This document contains information about the packaging of nvme-stas.
nvme-stas is a Python 3 project and does not require compile-time libraries per se. However, we use the meson build system for installation and testing. With regards to testing, nvme-stas provides static code analysis (pylint, pyflakes), which can be run with "meson test
".
Library / Program | Purpose | Mandatory / Optional |
---|---|---|
meson | Project configuration, installation, and testing. | Mandatory |
pylint | Static code analysis | Optional |
python3-pyflakes | Static code analysis | Optional |
nvme-stas is built on top of libnvme, which is used to interact with the kernel's NVMe driver (i.e. drivers/nvme/host/
). To support all the features of nvme-stas, several changes to the Linux kernel are required. nvme-stas can also operate with older kernels, but with limited functionality. Kernel 5.18 provides all the features needed by nvme-stas. nvme-stas can also work with older kernels that include back-ported changes to the NVMe driver.
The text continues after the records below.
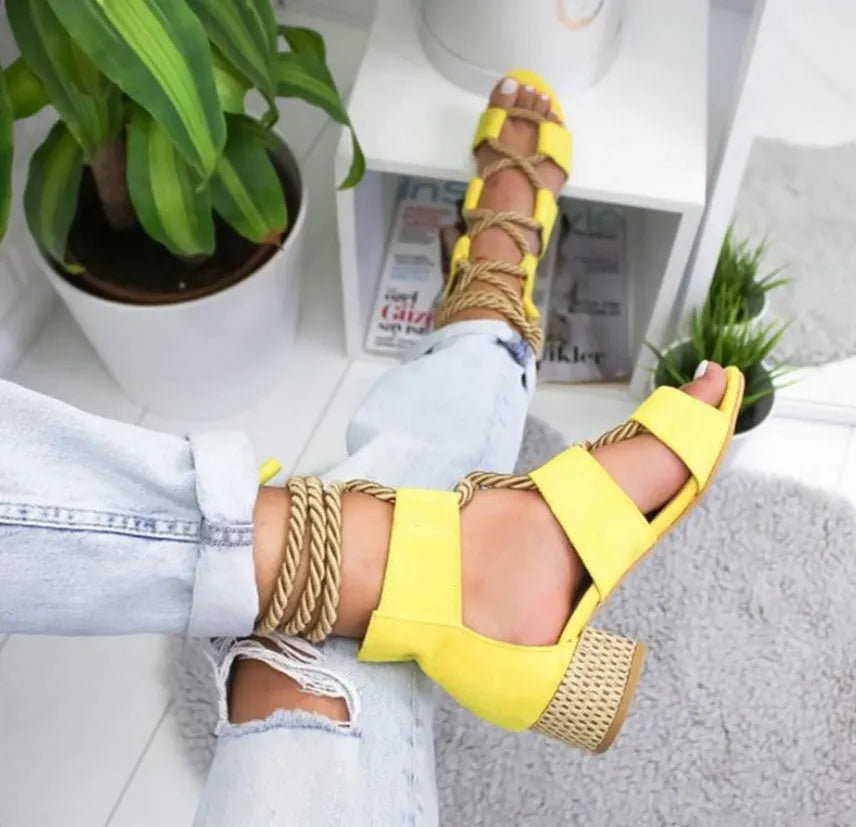 Women's beige suede sandals with thick mid-heel, front strap, and ankle strap on a plain background.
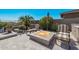 Relaxing patio with fire pit, comfortable seating, and beautiful landscaping at 18111 W Desert Sage Dr, Goodyear, AZ 85338
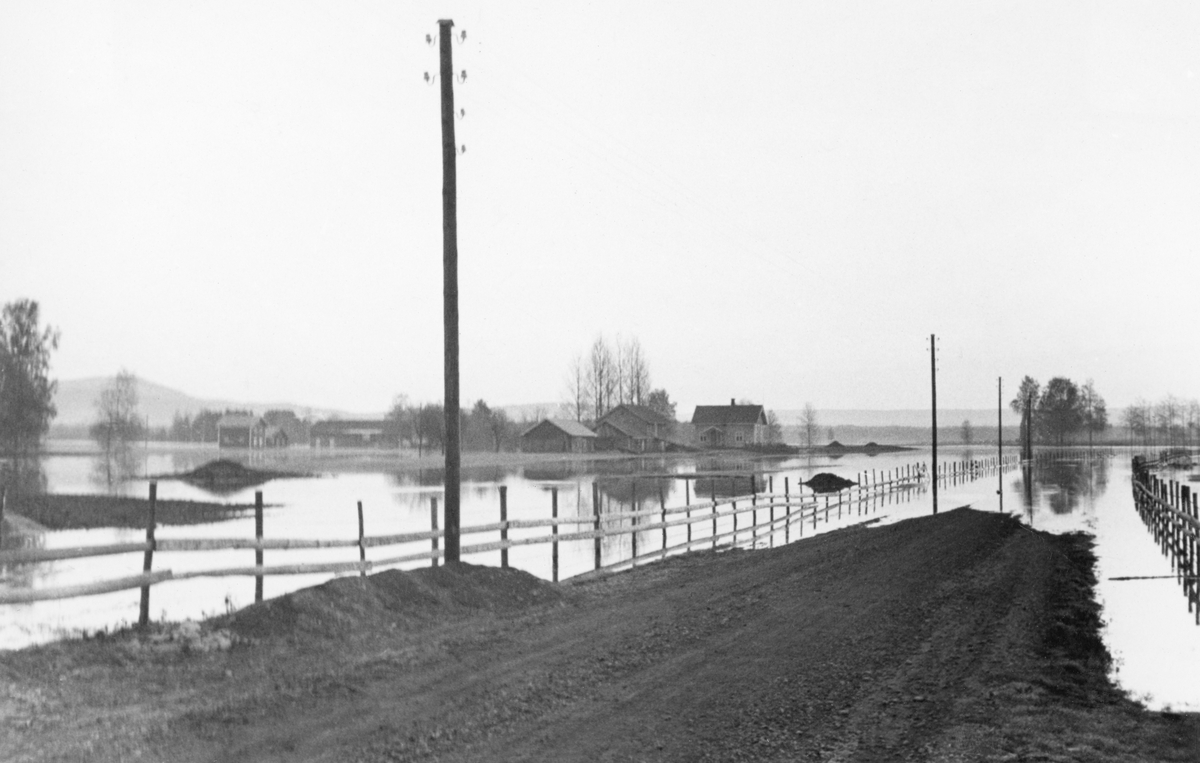 Flom på et sted som i Glomma fellesfløtingsforenings fotoarkiv er kalt Dystland i 1934. Dette er et gardsnavn i Nes kommune på Romerike, men der er avstanden til vassdraget som den nevnte organisasjonen hadde interesser i betydelig. Da dette bildet ble registrert inn i museets arkiv ble Dystland-navnet koplet til Sør-Odal kommune. Bildet er tatt fra en bygdeveg som, i likhet med omkringliggende innmark, var dekt av vann. Våningshusene på et småbruk og et litt større gardsbruk på venstre side av den nevnte vegen lå også omgitt av vann. I andre halvdel av april i 1934 begynte folk i søndre del av Hedmark og på Romerike å frykte storflom. Rapporter fra Nord-Østerdalen fortalte om vannstandsnivåer som man måtte tilbake til 1860-åra for å finne maken til, og etter kraftig regn også lengre sør på Østlandet ble flommen et problem der også. Den 19. april 1934 kom det meldinger om flomskader også på Romerike. På det stedet der dette fotografiet ble tatt var vannet såpass stillestående at skadene antakelig ble moderate.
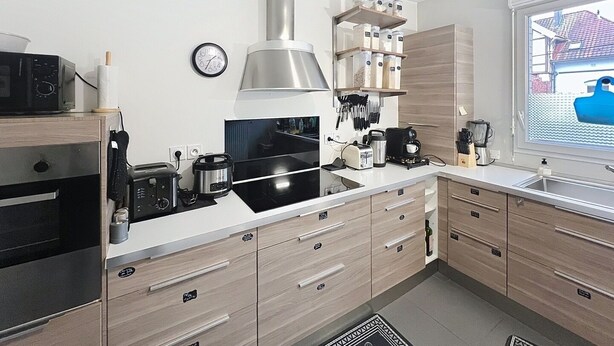 A modern kitchen with a stove, microwave, and coffee maker. There is a clock on the wall and a window with a view of a house. - Charming, cosy room just 5 minutes from Lille (Marcq-en-Barœul)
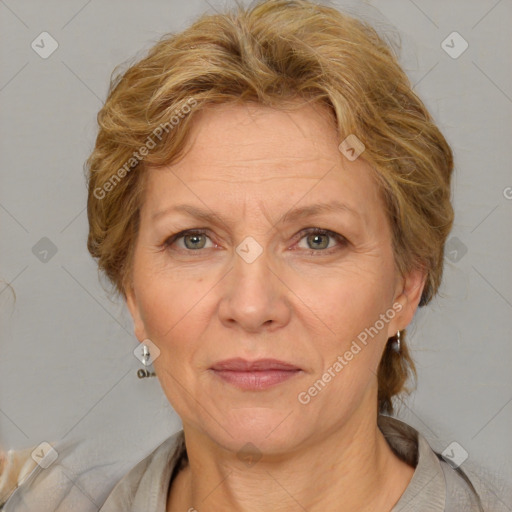 Joyful white adult female with medium  brown hair and blue eyes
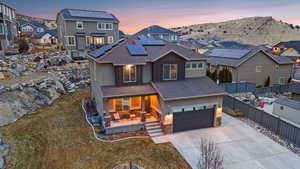 View of front of property featuring a garage, a mountain view, a yard, and solar panels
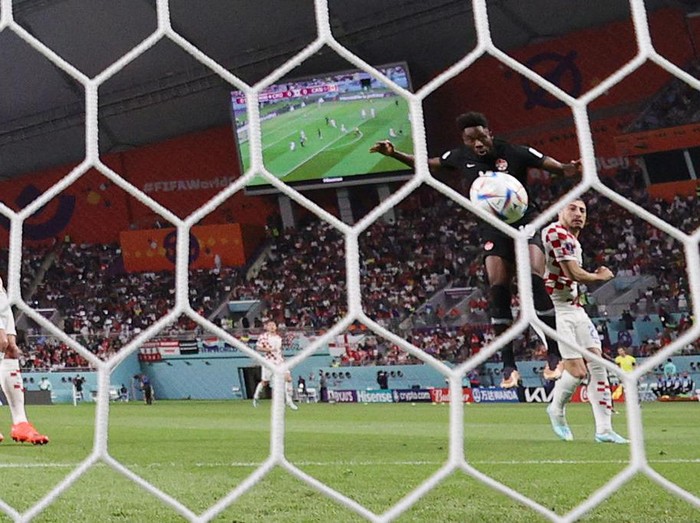 Canada's forward #19 Alphonso Davies scores the opening goal during the Qatar 2022 World Cup Group F football match between Croatia and Canada at the Khalifa International Stadium in Doha on November 27, 2022. (Photo by ADRIAN DENNIS / AFP) (Photo by ADRIAN DENNIS/AFP via Getty Images)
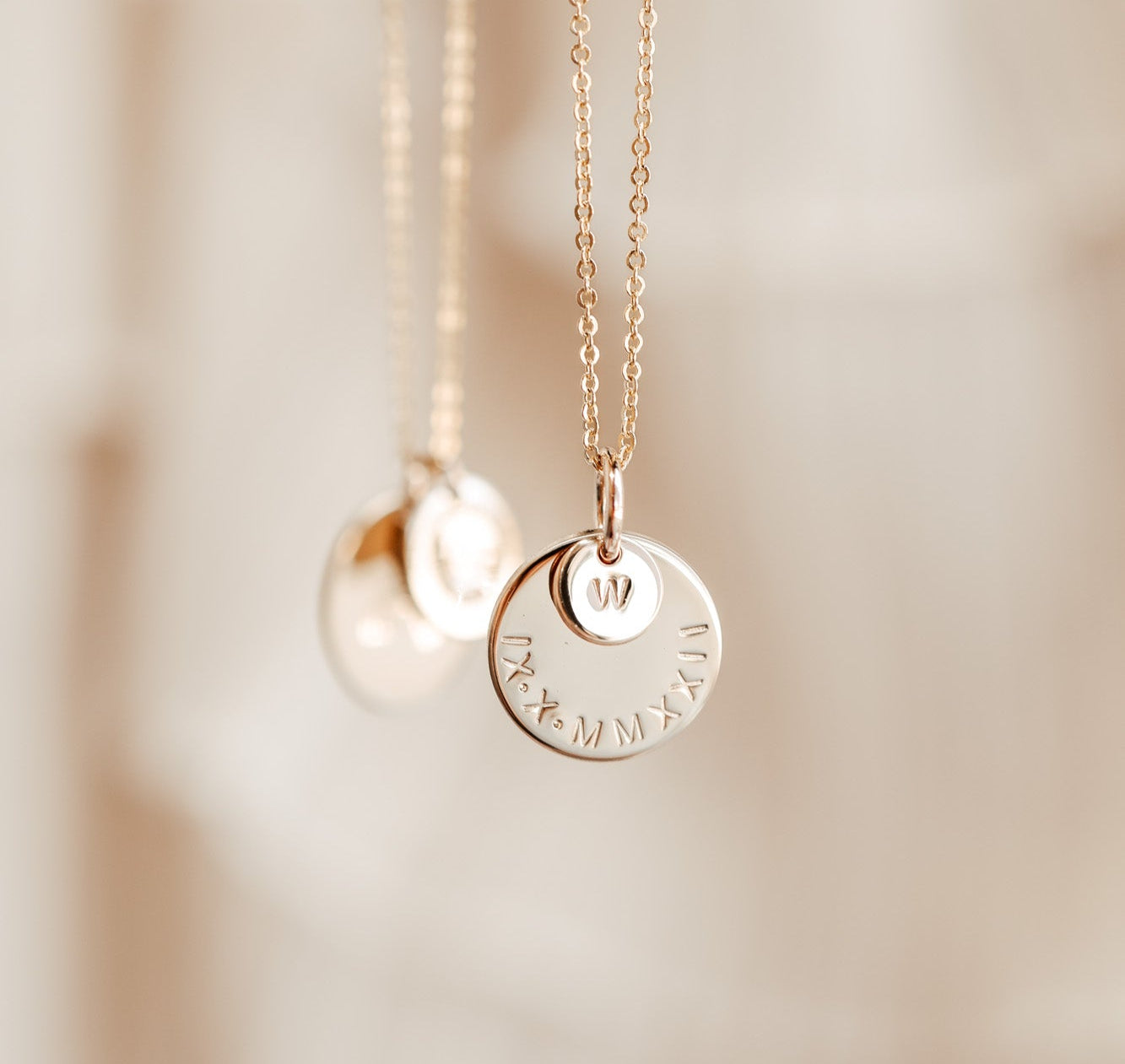 Personalised jewellery - KBN Jewellery - handmade jewellery – stacked pendant necklace – textured pendant – children’s name necklace – necklace for mum – birth flower symbol necklace – everyday necklace – perfect gift – small pendant stack – roman numeral pendant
The next table shows different features that were added to the NVMe driver and in which version of the Linux kernel they were added (the list of git patches can be found in addendum). Note that the ability to query the NVMe driver to determine what options it supports was added in 5.17. This is needed if nvme-stas is to make the right decision on whether a feature is supported. Otherwise, nvme-stas can only rely on the kernel version to decide what is supported. This can greatly limit the features supported on back-ported kernels.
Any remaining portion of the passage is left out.